# What fish/shrimp/etc eat java moss?



## AquaNeko (Jul 26, 2009)

Been doing a bit of reading and like how java moss is a fast low light grower. That's good as faster is good for faster nitrate removal but also a con in that I've heard if you turn your head away for 2-3 weeks it can start to take over a tank.

Now I'm wondering what aquatic life is known to eat java moss so that you can keep it under control. 

Thanks in advance.


----------



## AquaNeko (Jul 26, 2009)

Any feedback on this?


----------



## Chris S (Dec 19, 2007)

Even herbivorous fish won't eat java moss.


----------



## AquaNeko (Jul 26, 2009)

Chris S said:


> Even herbivorous fish won't eat java moss.
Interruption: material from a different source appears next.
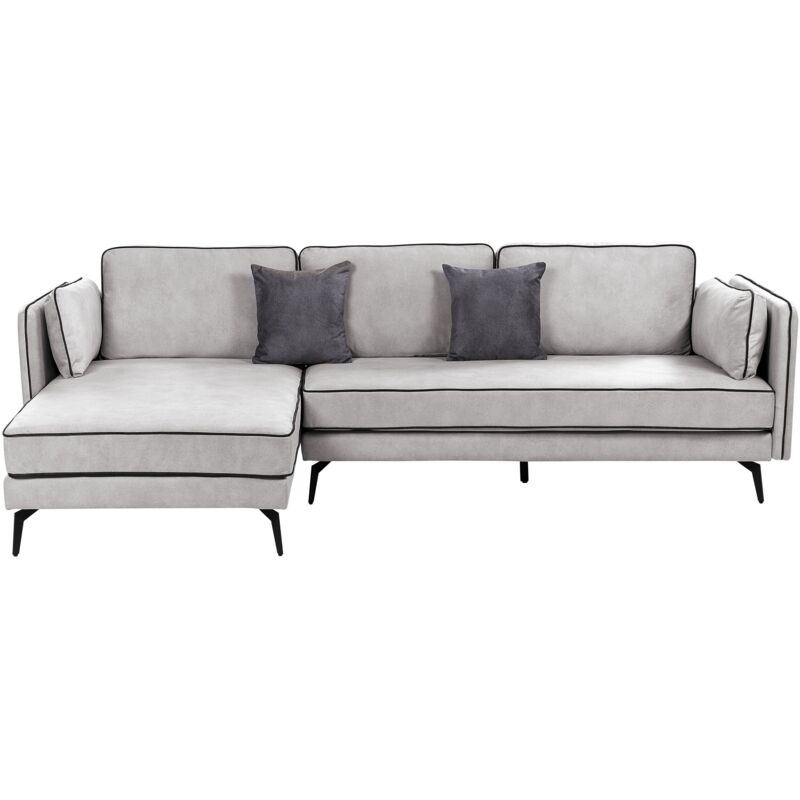 Beliani - Modern Corner Sofa Right Hand Velvet Upholstery Pillow Back Scatter Cushions Light Grey Altan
  LOL So you got a fast growing, low light thriving plant, and easy to go out of control in a few weeks and no fish/animals eat it? Wow.. a good surviver then.  Now I'm starting to see why popele give generous portions of java moss.


----------



## wtac (Mar 17, 2006)

Java moss is tough as nails. Two weeks ago I pruned about a head sized amount from a client's aquarium and wrapped it in a towel and tossed it in a bucket. Over the week, I just tossed my wet/soiled towels into the same bucket as I totally forgot about the java moss at the bottom.
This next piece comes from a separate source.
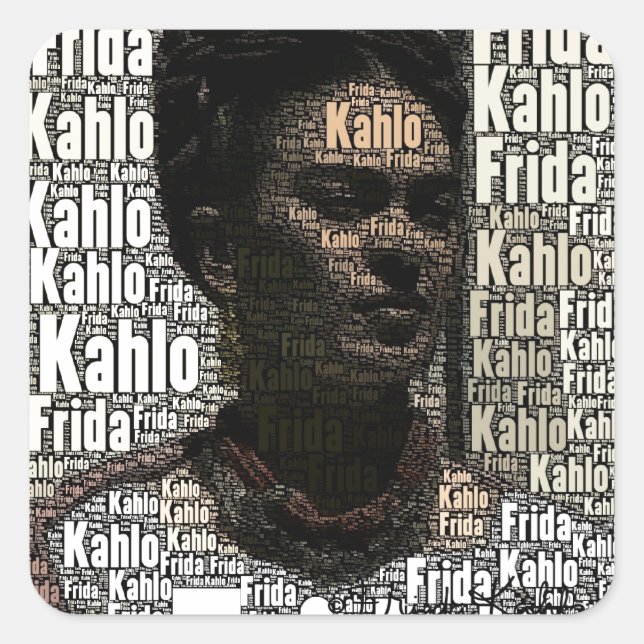 Adesivo Quadrado Frida Kahlo Lettering Portrait (Frente)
Last weekend I tossed the towel laden bucket in the wash only to pull out strands of java moss and gravel from the washer when the cycle was over. 

I tossed the java moss in my 55gal and so far it seems fine. We'll see in the next few weeks if it grabs onto the rocks and driftwood.


----------



## bluekrissyspikes (Apr 16, 2009)

i wouldn't worry about it getting out of control. there's always someone who wants some.


----------



## Chris S (Dec 19, 2007)

It doesn't get out of control really, I wouldn't call it a pest plant like duckweed or certain types of algae. Very easy to prune and control.


----------



## bluekrissyspikes (Apr 16, 2009)

sorry, yeah. it doesn't actually take over the tank or anything. it just gets bigger and bigger. then you can either trim or just rip some off. it's still pretty low-maintenance


----------



## AquaNeko (Jul 26, 2009)

Chris S said:


> It doesn't get out of control really, I wouldn't call it a pest plant like duckweed or certain types of algae. Very easy to prune and control.


Well with duckweed get some tilapia in a barrel and let that grow like mad and feed it to the fish then have some fish & chips later


----------



## WateraDrop (Nov 16, 2008)

i have a nice little piece of driftwood that i wrapped with java moss (using some black thread). the moss grows reallllly quickly, but every two weeks (if i'm not being bombarded to death by the university) i take some time to just...remove the excess lol. i actually put it in another tank that i never touch and sell it from time to time because people on kijiji seem to really like java moss! in any case, it's not too much of a hassle but when i read the title of your thread i was sort of hoping there would be such a critter that ate that moss lol


----------



## Tibob32 (Sep 26, 2009)

wtac said:


> Java moss is tough as nails. Two weeks ago I pruned about a head sized amount from a client's aquarium and wrapped it in a towel and tossed it in a bucket. Over the week, I just tossed my wet/soiled towels into the same bucket as I totally forgot about the java moss at the bottom.
> 
> Last weekend I tossed the towel laden bucket in the wash only to pull out strands of java moss and gravel from the washer when the cycle was over.
> 
> I tossed the java moss in my 55gal and so far it seems fine. We'll see in the next few weeks if it grabs onto the rocks and driftwood.


I bet your java moss is cleaner than mine!


----------